Sechster Jugendlicher verhaftet: Nach Brandanschlag auf Bus mit Schwerverletzter

Alle Täter von Marseille von Polizei festgenommen

Nach dem Brandanschlag auf einen Linienbus in Marseille mit einer Schwerverletzten ist am Freitag ein sechster Jugendlicher festgenommen worden. Möglicherweise handele es sich bei dem 17-Jährigen um den Haupttäter, sagte einer der Ermittler in der südfranzösischen Metropole der Nachrichtenagentur AFP.
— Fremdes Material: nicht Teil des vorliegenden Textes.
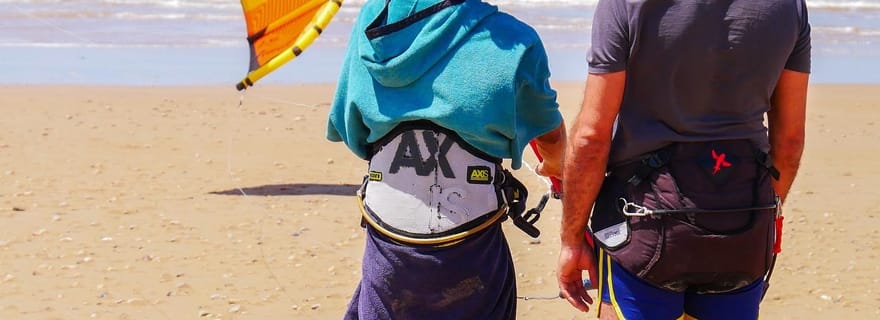 Surfez sur le vent : cours de kitesurf semi-privé à Sidi Kaouki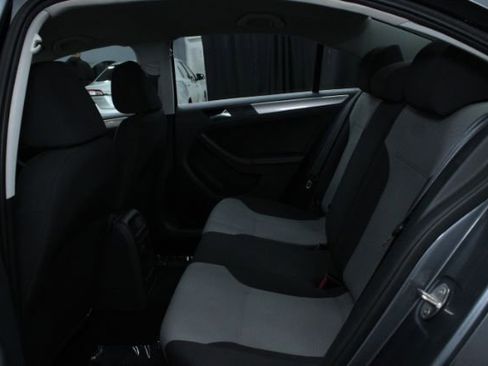 Used 2017 Volkswagen Jetta S image 17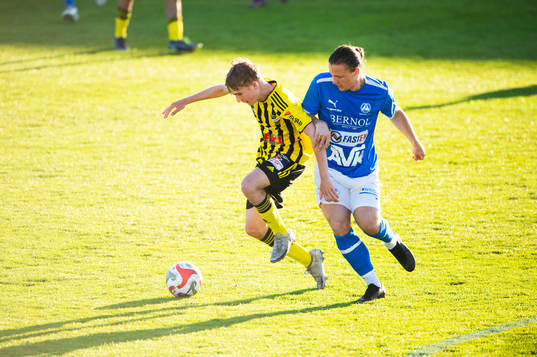 IFK Hässleholms Nog Flink och Bjärnums Hugo Svensson i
Am Vorabend hatte ein Richter Untersuchungshaft für vier der fünf zuvor in Gewahrsam genommenen Minderjährigen verfügt. Nach Angaben der Familie geht es der 26-Jährigen, die beim Anschlag am vergangenen Samstagabend lebensgefährliche Verbrennungen erlitten hatte, allmählich besser.

Die jüngste Festnahme erfolgte den Angaben zufolge im Morgengrauen in der Renaude-Siedlung im 13. Stadtbezirk von Marseille unweit der Stelle, an der der Bus der Linie 32 angegriffen worden war. Der 17-Jährige sollte frühestens am Samstagabend einem Haftrichter vorgeführt werden.

Am späten Donnerstagabend leitete die Justiz förmliche Ermittlungsverfahren gegen vier Jugendliche ein. Den 15 bis 17 Jahren jungen Beschuldigten wird vorsätzliche Brandstiftung vorgeworfen, die eine dauerhafte Behinderung oder Verstümmelung der Opfer nach sich zieht. Darauf stehen nach französischem Strafrecht bis zu 30 Jahre Haft.

Nach Angaben von Staatsanwalt Jacques Beaume räumten die bisher vier offiziell Beschuldigten "persönliche Taten im Zusammenhang mit dem Brand" ein: keiner von ihnen gab aber an, das Benzin im Bus verteilt und das Feuer gelegt zu haben. Beaume zufolge hatten mehrere Jugendliche am vergangenen Samstagnachmittag überlegt, die jüngsten Angriffe auf Busse in Pariser Vorstädten nachahmen. Einige von ihnen hätten sich dann entschlossen, am selben Abend zur Tat zu schreiten. Der fünfte Festgenommene wurde wieder auf freien Fuß gesetzt.

Die bei dem Anschlag verletzte junge Frau, eine aus Senegal stammende Studentin, hatte 62-prozentige Verbrennungen erlitten. Nach Angaben der Behörden hatte sie am Donnerstag noch in Lebensgefahr. "Ihr Zustand entwickelt sich positiv", sagte ihr Cousin Ousmane Diagana am Freitag Journalisten in Marseille. Dabei berief sich Diagana auf Informationen der Krankenhausabteilung für schwer verletzte Brandopfer, welche die Frau betreut.